Most cases of animal cruelty are discovered—and the animal helped—because someone has reported the situation.
An abuser doesn’t have to hit an animal to be cruel to him. If there is an animal in your community who isn’t being cared for properly, that is neglect—which is a type of cruelty.
According to the ASPCA, “Animal cruelty occurs when someone intentionally injures or harms an animal or when a person willfully deprives an animal of food, water, or necessary medical care.”

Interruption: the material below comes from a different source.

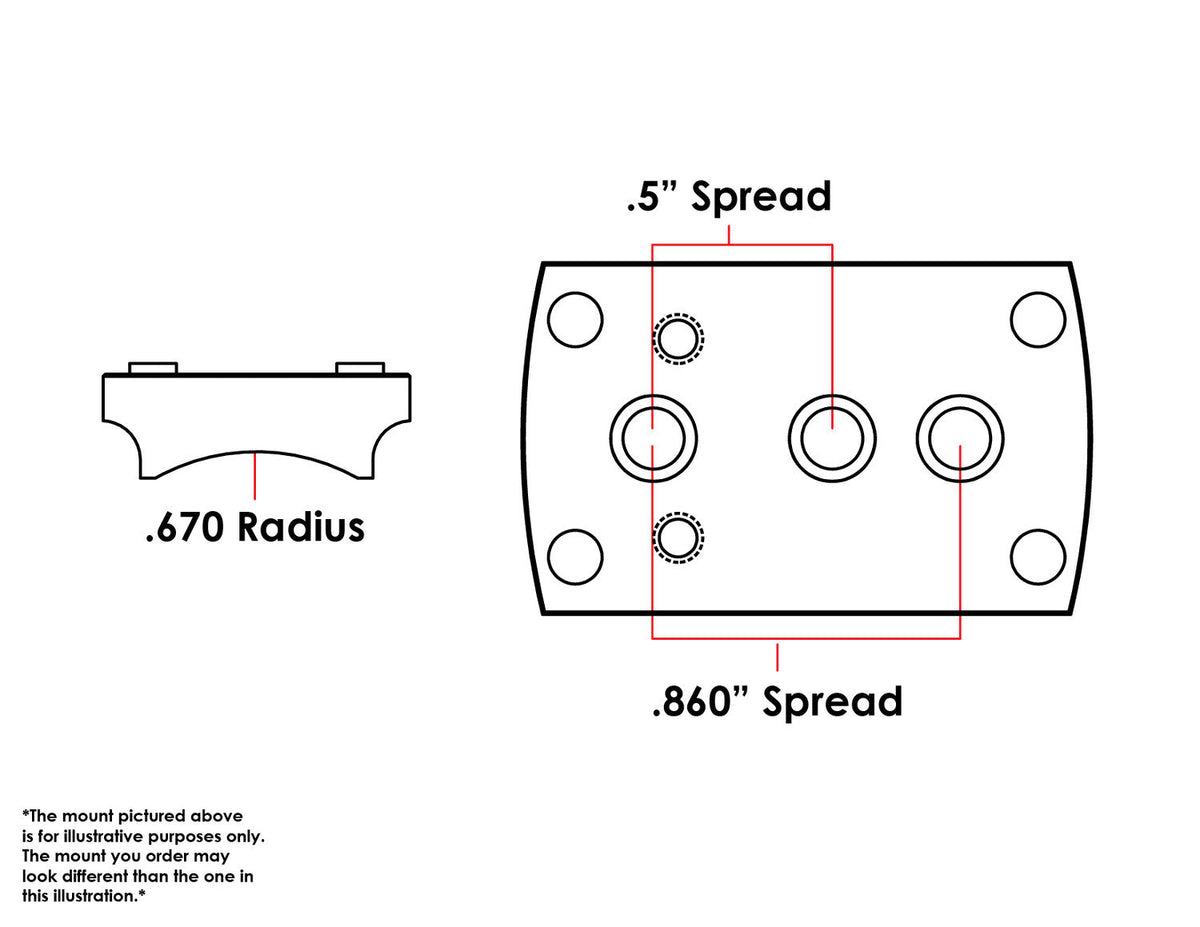 Universal shotgun / rifle [.670’’ Radius] red dot mount | type S [RMSc DPP K-series footprint] - Ubitzu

Signs of possible animal cruelty or neglect can include the following:
- Extremely thin animal
- Animal that is limping
- Person striking or otherwise physically hurting an animal
- Animal that is repeatedly deprived of sufficient food and/or water—often this animal is kept so that it lives alone outside, such as chained or in a pen
- Animal that is injured or obviously ill and not receiving veterinary care
- Animal that is kept outdoors without sufficient shelter in extreme weather conditions
To report a neglected or abused animal in the Hartford area, call Animal Control at (860) 757-4390. Again, callers reporting animal cruelty are not required to give their name.

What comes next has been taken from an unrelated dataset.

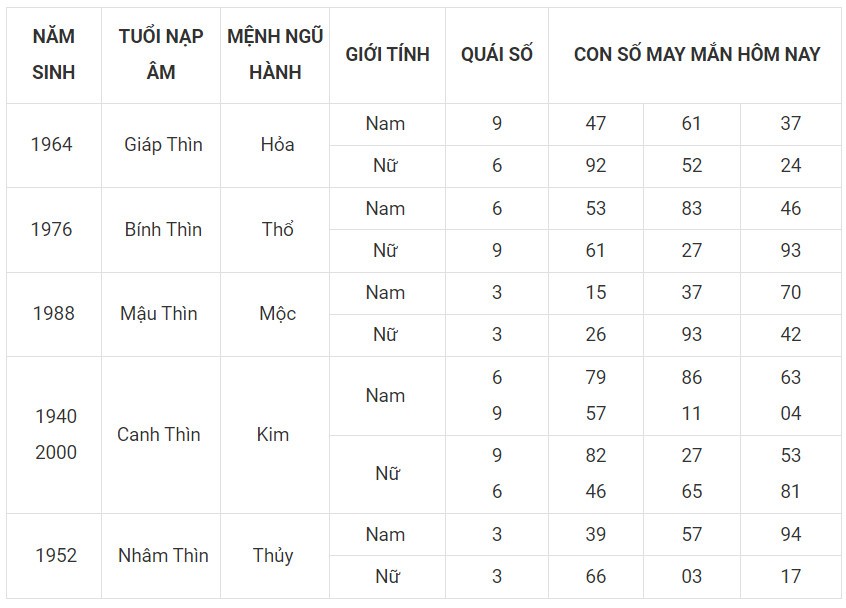 Con số may mắn hôm nay 30/11/2023 12 con giáp: Ngọ đại cát đại lợi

Outside of the Hartford area, call your local police department or animal shelter to report animal cruelty. For further contact information, visit the ASPCA’s searchable shelter database (www.aspca.org/adoption/shelters) of nearly 5,000 community humane societies and animal-control organizations.
Reporting animal cruelty and neglect goes beyond helping animals. Studies have shown that individuals who are cruel to animals can also be capable of violent or harmful behavior toward people.
Safe People–Safe Pets (www.safepeoplesafepets.org) is a nonprofit organization that combines the resources of human and animal-services professionals to increase awareness of this correlation. The group notes:
“Recent research indicates that violence toward animals serves as a symptom and a predictor of other violent behavior. … When animal abuse can be detected early, it not only saves innocent pets from senseless abuse or death but also alerts authorities to criminal or abusive behavior, leads to help for children who are developing a pattern of violence, and saves society and the justice system the heavy costs involved in dealing with serious violent offenders.” —Safe People-Safe Pets
If you notice an animal in distress, do the right thing. Report it. Help raise awareness of animal cruelty and the need to speak out against it.
Don’t let little Kenway’s death be in vain.
This article includes updated information 6/26/11.